Image via: flickr
Image via: flickr
Economic Freedom Fighters (EFF) member Mmabatho Mokause, during a National Council of Provinces (NCOP) debate on International Democracy Day under the theme: “Reaffirming the values and principles of our constitutional democracy,” had mouth fulls to say about President Cyril Ramaphosa and his government.
Calling him a rented president, Mokause said his allegiance will always lie with “big business” rather than with South Africans. Ramaphosa, on the other hand, maintains that he puts the citizens of the country first.
Mokause said dignity is a foreign concept in relation to the lives of ordinary, poor and working-class South Africans. Without access to the most basic of services such as water, electricity and sanitation, South Africa has become a textbook example of a country in crisis.
“Instead of legitimate voter education and participation, our people are reduced to selling votes for free t-shirts and food parcels. The participation of big business in the country’s politics also hugely undermines the central tenant of democracy,” said Mokause.
Mokause said their ability to buy votes, from the level of political parties to national elections means that those with deeper pockets can manipulate the democratic process to install the leaders they want who would then lead, not for the people, but for those who paid for them to be in these positions.
“The case of President Ramaphosa is a very good example of this practice. We now all know that big business invested over a Billion Rand to have him as a leader. His conduct since he became president shows that he owes his loyalty more to big businesses than to ordinary South Africans,” she added.
Mokause said that through the money made available to Ramaphosa, he has captured all critical sectors of the nation.
“But it is not him who sets the tune, it is those who paid for him. He is basically a rented president,” she said.
“Those who invested in him now have undisturbed access to state resources. They control all state-owned enterprises, they control the policy discourse, they are in charge of government procurement,” she added.
Mokause said many South Africans have lost faith in the government and Ramaphosa’s ability to lead the country in such a way that ordinary South Africans can meaningfully gain from the fruits of a democratic dispensation.
“Even the “New Dawn” smokescreens meant to restore hope for our people, have failed to hide the deep-rooted structural, socio-economic and racial inequalities in South Africa,” she said.

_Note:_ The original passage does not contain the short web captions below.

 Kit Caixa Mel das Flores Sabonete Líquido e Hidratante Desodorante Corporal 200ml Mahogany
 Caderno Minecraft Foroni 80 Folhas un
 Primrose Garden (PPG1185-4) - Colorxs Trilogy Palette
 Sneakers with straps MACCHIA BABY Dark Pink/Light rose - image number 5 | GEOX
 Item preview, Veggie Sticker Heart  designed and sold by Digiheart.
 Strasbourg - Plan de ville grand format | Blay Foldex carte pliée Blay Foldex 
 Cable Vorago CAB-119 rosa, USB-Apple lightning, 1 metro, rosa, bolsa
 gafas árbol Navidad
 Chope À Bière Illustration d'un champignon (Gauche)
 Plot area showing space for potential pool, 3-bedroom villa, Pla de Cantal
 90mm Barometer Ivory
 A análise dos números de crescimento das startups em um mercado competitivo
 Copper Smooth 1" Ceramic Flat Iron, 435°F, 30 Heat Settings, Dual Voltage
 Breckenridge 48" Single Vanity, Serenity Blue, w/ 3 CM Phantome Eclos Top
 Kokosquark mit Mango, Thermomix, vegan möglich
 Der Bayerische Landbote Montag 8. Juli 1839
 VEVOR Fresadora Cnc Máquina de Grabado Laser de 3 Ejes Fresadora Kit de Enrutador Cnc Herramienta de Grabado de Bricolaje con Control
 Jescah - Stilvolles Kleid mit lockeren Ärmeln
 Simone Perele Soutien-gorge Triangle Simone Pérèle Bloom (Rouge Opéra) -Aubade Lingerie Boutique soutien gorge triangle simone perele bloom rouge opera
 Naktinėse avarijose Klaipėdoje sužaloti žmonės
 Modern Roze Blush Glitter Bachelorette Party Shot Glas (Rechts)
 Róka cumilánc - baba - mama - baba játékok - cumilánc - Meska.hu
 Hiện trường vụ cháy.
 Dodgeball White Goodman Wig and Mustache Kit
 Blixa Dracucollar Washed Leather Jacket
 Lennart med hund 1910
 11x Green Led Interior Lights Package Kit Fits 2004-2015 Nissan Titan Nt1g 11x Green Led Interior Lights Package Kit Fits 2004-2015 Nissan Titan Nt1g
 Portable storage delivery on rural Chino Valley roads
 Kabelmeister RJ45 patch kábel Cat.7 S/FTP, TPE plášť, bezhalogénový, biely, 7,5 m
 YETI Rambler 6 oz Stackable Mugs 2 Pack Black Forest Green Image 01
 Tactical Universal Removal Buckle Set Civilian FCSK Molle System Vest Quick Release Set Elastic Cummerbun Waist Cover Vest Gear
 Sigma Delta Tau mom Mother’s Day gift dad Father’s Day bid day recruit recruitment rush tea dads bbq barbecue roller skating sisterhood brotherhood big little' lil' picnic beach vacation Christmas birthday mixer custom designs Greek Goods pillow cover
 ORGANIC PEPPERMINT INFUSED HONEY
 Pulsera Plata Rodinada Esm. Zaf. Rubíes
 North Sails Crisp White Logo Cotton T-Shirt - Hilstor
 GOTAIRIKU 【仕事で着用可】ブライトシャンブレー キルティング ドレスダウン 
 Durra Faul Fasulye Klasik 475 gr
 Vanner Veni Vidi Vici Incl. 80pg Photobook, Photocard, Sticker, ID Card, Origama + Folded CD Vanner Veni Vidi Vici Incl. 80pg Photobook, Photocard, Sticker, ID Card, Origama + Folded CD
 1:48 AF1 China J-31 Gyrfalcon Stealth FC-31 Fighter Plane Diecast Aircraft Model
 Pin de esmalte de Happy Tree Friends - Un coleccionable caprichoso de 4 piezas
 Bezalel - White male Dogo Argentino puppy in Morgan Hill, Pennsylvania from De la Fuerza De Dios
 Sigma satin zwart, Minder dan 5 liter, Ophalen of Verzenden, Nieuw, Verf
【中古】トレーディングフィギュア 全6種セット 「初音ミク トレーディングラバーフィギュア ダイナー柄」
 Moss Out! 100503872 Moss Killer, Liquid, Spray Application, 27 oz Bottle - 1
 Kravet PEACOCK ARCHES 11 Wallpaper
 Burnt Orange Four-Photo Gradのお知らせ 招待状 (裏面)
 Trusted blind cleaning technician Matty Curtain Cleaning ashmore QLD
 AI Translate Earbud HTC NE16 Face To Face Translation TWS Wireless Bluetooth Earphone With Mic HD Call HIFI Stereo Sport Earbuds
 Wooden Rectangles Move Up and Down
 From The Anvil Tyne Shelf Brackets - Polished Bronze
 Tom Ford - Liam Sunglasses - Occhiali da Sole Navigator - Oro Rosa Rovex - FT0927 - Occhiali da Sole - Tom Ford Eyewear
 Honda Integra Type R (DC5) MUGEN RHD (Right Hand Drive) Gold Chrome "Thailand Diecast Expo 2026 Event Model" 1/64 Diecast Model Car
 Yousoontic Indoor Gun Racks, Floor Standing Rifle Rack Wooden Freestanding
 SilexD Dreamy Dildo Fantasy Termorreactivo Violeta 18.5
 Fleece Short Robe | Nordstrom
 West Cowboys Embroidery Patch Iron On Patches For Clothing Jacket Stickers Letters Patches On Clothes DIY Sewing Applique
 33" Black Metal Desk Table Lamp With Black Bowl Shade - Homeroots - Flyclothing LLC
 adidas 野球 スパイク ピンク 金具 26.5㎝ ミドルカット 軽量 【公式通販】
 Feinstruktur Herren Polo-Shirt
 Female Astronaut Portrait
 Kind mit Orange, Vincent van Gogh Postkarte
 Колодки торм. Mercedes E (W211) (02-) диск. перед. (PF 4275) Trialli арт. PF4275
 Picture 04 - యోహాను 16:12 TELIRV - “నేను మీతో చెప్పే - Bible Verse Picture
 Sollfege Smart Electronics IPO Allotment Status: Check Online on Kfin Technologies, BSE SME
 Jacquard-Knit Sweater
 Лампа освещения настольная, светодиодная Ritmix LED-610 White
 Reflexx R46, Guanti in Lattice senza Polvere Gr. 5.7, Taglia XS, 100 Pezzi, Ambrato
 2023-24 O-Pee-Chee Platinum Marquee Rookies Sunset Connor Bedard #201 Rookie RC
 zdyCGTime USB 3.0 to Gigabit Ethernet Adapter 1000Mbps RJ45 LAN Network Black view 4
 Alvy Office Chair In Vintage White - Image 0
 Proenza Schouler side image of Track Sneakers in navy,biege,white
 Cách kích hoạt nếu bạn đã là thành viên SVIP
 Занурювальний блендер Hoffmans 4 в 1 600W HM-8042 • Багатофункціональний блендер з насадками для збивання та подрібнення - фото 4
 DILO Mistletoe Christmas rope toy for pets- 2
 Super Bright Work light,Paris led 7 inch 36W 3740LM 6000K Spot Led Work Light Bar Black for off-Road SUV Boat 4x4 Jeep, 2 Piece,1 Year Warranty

“Against a backdrop of decades of inequality and neglect, where we are now is a stark contrast to where we thought we would be and it seems that with each passing year we descend deeper and deeper into an abyss of hopelessness, disillusionment and frustration, marked by service delivery protests, violent crime and corruption,” she added.
Mokause said this is shown by the declining participation in voting with every passing local and national election of those South Africans eligible to vote, about 49% voted in the 2019 elections.
“It is no secret that low voter turnout weakens democracy and growing disillusionment has a big role to play,” she added.